Anaïs-Tohé Commaret
Extramentale FILM présente le premier volet d'une nouvelle série de onze épisodes s'intitulant "Disparaitre", réalisé par Anaïs-Tohé Commaret pour Extramentale.


Episode Un :

Un jeune homme, face caméra, est assis dans une camionnette et nous parle dans la nuit. Filmé lors de cette traversée nocturne sans grande destination, il donne à entendre un rire cynique, qui se mêle au vent saturant l’enregistrement. Derrière notre écran, nous ne savons pas réellement qui il est, où il va, si le bac dont il parle est la vérité. Rien ne s’opère pour nous permettre de nous raccrocher à sa voix, car ce personnage hors sol, flottant sur le ventre de sa camionnette, mijote déjà des envies d’ailleurs. Il y parvient, par le truchement d’une lumière verte se posant sur sa main comme un coccinelle sur une phalange. À travers elle, en elle, il disparaît.

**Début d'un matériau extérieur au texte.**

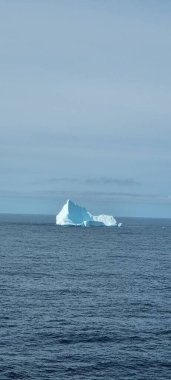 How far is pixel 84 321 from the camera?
53.9 meters

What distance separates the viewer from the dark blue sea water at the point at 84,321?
135 ft

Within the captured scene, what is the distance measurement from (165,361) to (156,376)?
3.52m

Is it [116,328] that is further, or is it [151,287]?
[151,287]

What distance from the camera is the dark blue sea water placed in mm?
41125

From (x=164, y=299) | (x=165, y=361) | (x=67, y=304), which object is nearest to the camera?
(x=165, y=361)

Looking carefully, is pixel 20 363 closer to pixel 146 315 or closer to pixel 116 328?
pixel 116 328

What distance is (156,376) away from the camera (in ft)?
130

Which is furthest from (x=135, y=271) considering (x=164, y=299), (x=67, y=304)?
A: (x=67, y=304)

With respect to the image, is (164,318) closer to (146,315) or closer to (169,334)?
(146,315)

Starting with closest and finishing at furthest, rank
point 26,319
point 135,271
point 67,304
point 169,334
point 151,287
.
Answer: point 169,334 < point 26,319 < point 67,304 < point 151,287 < point 135,271

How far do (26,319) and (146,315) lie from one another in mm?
12266

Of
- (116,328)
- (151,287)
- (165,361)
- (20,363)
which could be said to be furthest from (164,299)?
(20,363)

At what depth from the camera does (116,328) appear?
51812 mm

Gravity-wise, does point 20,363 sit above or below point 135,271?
below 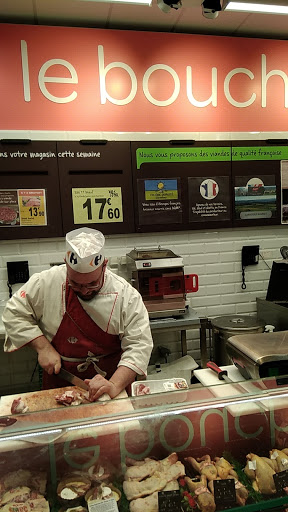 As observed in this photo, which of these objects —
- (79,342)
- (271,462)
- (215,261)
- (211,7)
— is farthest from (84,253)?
(215,261)

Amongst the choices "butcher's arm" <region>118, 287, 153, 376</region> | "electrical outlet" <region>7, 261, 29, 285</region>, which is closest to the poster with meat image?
"electrical outlet" <region>7, 261, 29, 285</region>

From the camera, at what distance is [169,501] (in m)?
1.13

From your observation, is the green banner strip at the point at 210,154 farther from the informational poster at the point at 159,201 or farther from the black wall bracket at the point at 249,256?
the black wall bracket at the point at 249,256

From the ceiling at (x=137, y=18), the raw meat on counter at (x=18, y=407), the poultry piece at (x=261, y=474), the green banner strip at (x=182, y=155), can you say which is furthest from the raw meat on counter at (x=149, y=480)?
the ceiling at (x=137, y=18)

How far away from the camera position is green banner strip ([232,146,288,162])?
3.82m

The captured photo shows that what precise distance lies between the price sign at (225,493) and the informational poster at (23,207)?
2747mm

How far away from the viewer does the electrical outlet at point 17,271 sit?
342cm

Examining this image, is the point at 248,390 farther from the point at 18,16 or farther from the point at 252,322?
the point at 18,16

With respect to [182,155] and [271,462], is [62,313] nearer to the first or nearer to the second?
[271,462]

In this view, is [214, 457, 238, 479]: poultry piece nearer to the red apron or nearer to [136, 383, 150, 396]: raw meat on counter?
[136, 383, 150, 396]: raw meat on counter

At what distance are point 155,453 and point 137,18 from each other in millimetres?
3533

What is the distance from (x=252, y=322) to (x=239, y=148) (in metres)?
1.73

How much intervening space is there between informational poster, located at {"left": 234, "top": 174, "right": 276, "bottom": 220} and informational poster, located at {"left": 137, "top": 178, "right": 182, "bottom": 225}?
2.09 feet

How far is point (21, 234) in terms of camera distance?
3430 millimetres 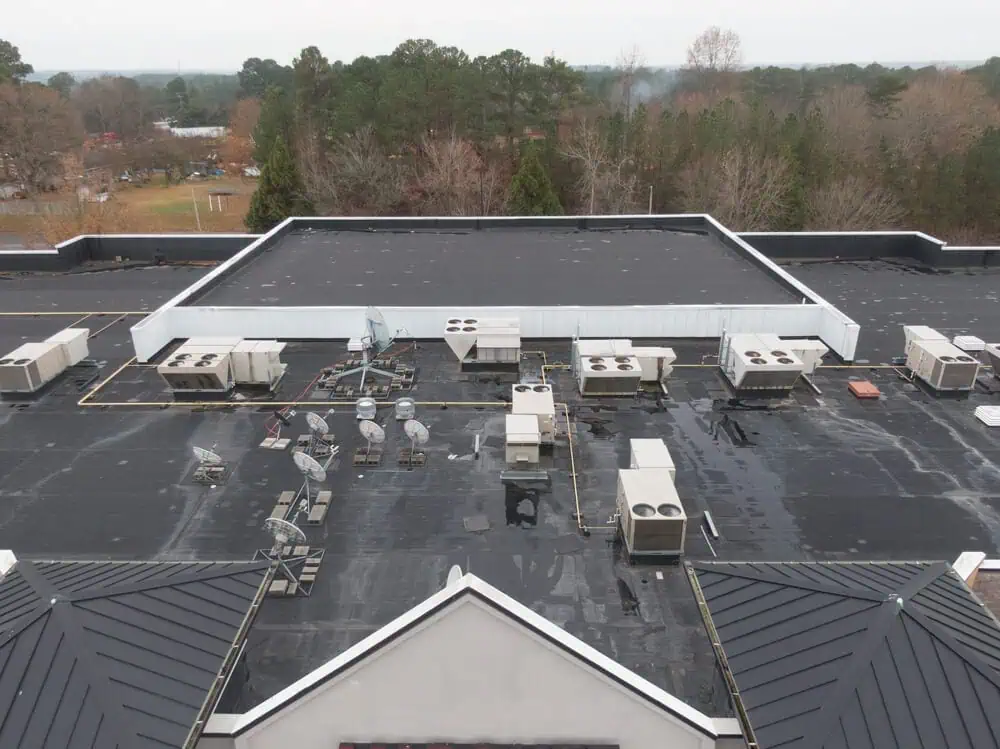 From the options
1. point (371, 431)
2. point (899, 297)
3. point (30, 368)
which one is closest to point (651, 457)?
point (371, 431)

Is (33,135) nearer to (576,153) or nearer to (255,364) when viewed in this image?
(576,153)

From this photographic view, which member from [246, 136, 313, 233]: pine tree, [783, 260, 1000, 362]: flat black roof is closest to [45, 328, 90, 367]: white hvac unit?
[783, 260, 1000, 362]: flat black roof

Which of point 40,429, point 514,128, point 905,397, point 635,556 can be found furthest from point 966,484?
point 514,128

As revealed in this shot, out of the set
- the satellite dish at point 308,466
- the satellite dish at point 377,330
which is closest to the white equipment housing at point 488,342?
the satellite dish at point 377,330

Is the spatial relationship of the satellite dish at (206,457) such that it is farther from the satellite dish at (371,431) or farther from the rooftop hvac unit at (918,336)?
the rooftop hvac unit at (918,336)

Disparaitre : c’est ainsi que s’intitule ce premier épisode réalisé par la jeune artiste Anaïs Tohé-Commaret, actuellement étudiante au Fresnoy. Née en 1992 à Vitry sur Seine d’une mère chilienne et d’un père français, elle a passé son adolescence à l’écart de la réalité qui la fait rêver : celle de Paris, des musées, des cinémas, de l’art en général. Le temps est long et gris. Avec la camera VHS de ses parents, Anaïs filme ses ami.es, son environnement.

Inspirée par la vie de sa mère, comme par l’oeuvre de cinéastes, tels Buñuel, Farocki, Apishapong qui abordent la dure réalité à travers l’onirisme, la magie, voire l’absurde et le surréalisme, elle réalise un premier court métrage, Mon Ami Djoudi (2017), sélectionné lors du festival Côté Court. Elle filme son ami Djoudi, leurs échanges, son rapport à l’amour, la difficile construction d’une intimité dans son espace domestique en banlieue, et son visage grimé qui amène Djoudi dans un registre parallèle, situé entre le rêve et l’épouvante.

Avec Mon Ami Djoudi et Disparaitre, Anaïs transcrit cette volonté partagée de s’enfuir de la réalité, de ce sentiment intime qui nous concerne presque toustes lorsque la pénurie d’imagination se fait ressentir. Et cela arrive en banlieue, mais pas que, car le rêve qui s’échappe est une affaire commune. Alors, à travers l’adolescence, fascinante, qu’elle fantasme, ses films donnent à voir des personnages, parfois grimé.es, qui oscillent entre une grande naïveté et une réelle incarnation de leur être où s’active une imagination féroce qui fait jaillir, sans entrave et sans peur, leurs fantômes.

Le signe faible et fantastique de cette percée vers un ailleurs, est, dans Disparaitre, cette masse lumineuse irréelle à forte portée symbolique qui nimbe l’adolescent, comme si « le personnage s'était libéré du cadre, libéré de sa posture de clown cynique, qui rit d'une situation qui n'est pas dramatique, mais presque ».

Le vent hurlant qui sature l’enregistrement pourrait être l’un de ces « vent tornade », qui, en passant par Elri Paints Himself as a Tornado de Michael Salerno à Tennis, Trigonometry, Tornadoes : A Midwestern Boyhood de David Foster Wallace, permet à des adolescent.es américain.es de transcender des situations quotidiennes, avec leur trop plein de traumatismes. La tornade monstre devient alliée, car assimilable. Dans le film de Salerno, c’est d’ailleurs elle qui sert de palette de maquillage au jeune homme qui décide de lui ressembler en se grimant le visage. Dans le film d’Anaïs, le vent tornade est un air fort du soir, un vent fou qui semble pouvoir tout transformer par le biais de la couleur du feu vert. Et c’est d’ailleurs sous ce signe heureux qu’elle emboite le pas vers une nouvelle série de formats courts, pensée comme une suite de portraits de personnes qui parviennent à se ménager une porte de sortie dans un monde au costume trop petit.